Все мы, проявляя себя с лучшей стороны, хотим способствовать личностному росту близких людей. Мы хотим помочь им раскрыть себя, стать выше, думать лучше. Динамика подобных отношений может быть не такой прямой, как на консультации у терапевта, поскольку здесь больше равноправия, но когда наши отношения здоровы, мы хотим, чтобы окружающие нас люди процветали. Роджерс показал, что умение слушать — это самый простой путь.
Будьте внимательными с людьми, и они почувствуют освобождающую силу вашего внимания и разовьют «глубокую уверенность в себе». Если мы не хотим этого для наших друзей, то мы им не друзья.
Действительно, активное слушание можно рассматривать как практику, граничащую с духовной. Хотя Роджерс сменил теологию на психологию, когда ему было около двадцати, он продолжил интересоваться духовными вещами. Ему нравились работы Кьеркегора, христианина-экзистенциалиста, и он на протяжении многих лет вел публичные дискуссии с теологами. Во время успешных терапевтических сеансов, по словам Роджерса, и терапевт, и клиент могут впасть в «состояние, похожее на транс».
Возможно, для вас это немного чересчур. Возможно, вы предпочли бы, чтобы активное слушание воспринималось как хорошие манеры или изящная уловка. Дело в том, что умение слушать других может быть актом иррациональной щедрости. Могут пройти недели или годы, прежде чем выслушанные вами люди отплатят вам той же монетой. Но, скорее всего, взамен вы не получите ничего. Люди лишь изредка заметят ваши усилия, не говоря уже о том, чтобы прямо поблагодарить вас. И всё же люди заслуживают вашей щедрости.
Ведь активное слушание — это не чистый альтруизм. Умение слушать, как говорит Роджерс, — это «опыт личностного роста». Оно позволяет нам получать от других лучшее. «Карусель душ» бесконечна. Люди живут глубоко прочувствованной и увлекательной жизнью, и они могут открыть нам доступ в миры, которые иначе бы мы никогда не узнали.

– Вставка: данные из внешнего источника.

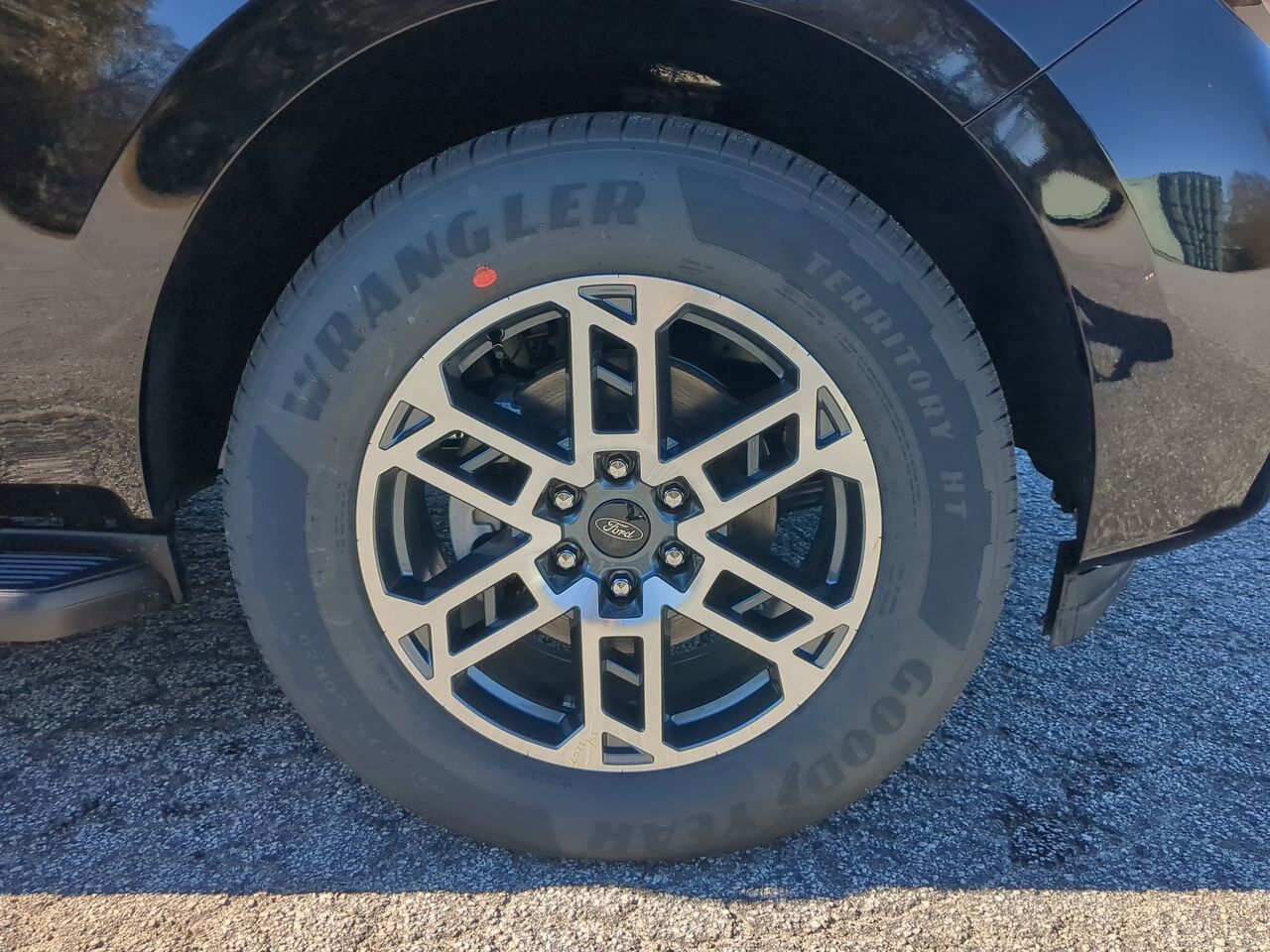 2025 Ford Expedition Active Appleton WI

Если мы в самом деле научимся слушать, мы расширим наш собственный интеллект и эмоциональный диапазон и почувствуем, что мир полон загадок и чудесных открытий.
Роджерс стал героем контркультуры 1960-х. Он восхищался утопическими мечтами о свободе. В конце жизни его привлекали труды Карлоса Кастанеды. За это его и критикуют (как тогда, так и сейчас): он был слишком оптимистичен. Критики считали его наивным из-за веры, что такие элементарные вещи, как сочувствие и умение слушать, могут повлиять на человеческую жизнь.

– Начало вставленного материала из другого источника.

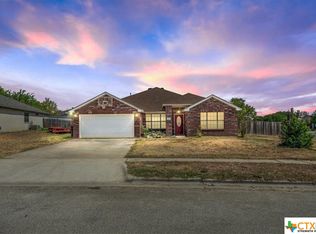 607 Preakness Dr, Copperas Cove, TX 76522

Слушание как любовь? Слушание как духовная практика? В моей собственной жизни обновленный подход к умению слушать улучшил мои отношения с другими людьми, и теперь я считаю, что умение слушать обсуждается в обществе преступно мало. Умение слушать — умение сложное и тонкое, но оно присутствует в нас, и мы можем совершенствовать его каждый день. Его можно тренировать, словно мышцу. Как и интеллект, его можно проверять. В один и тот же момент он может стимулировать как наш собственный личностный рост, так и личностный рост других людей.

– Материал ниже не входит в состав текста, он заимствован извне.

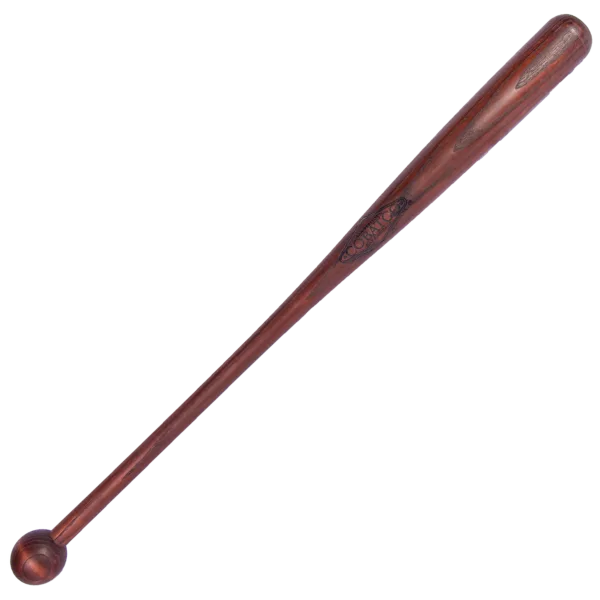 Cooperstown Bat COBATCO Ball Balance Vintage Pro Replica Base Ball Bat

«Самый большой комплимент, который мне когда-либо делали, — сказал Генри Дэвид Торо, — был, когда кто-то спросил меня, что я думаю, и внимательно выслушал мой ответ». На автопилоте я слушаю по-прежнему плохо: перебиваю и заканчиваю фразы за собеседника. Подозреваю, что многие люди, которых я знаю, до сих пор считают меня средним слушателем. Но я пытаюсь! Я терплю неудачи, но пробую снова и снова. И я убежден, что это работает.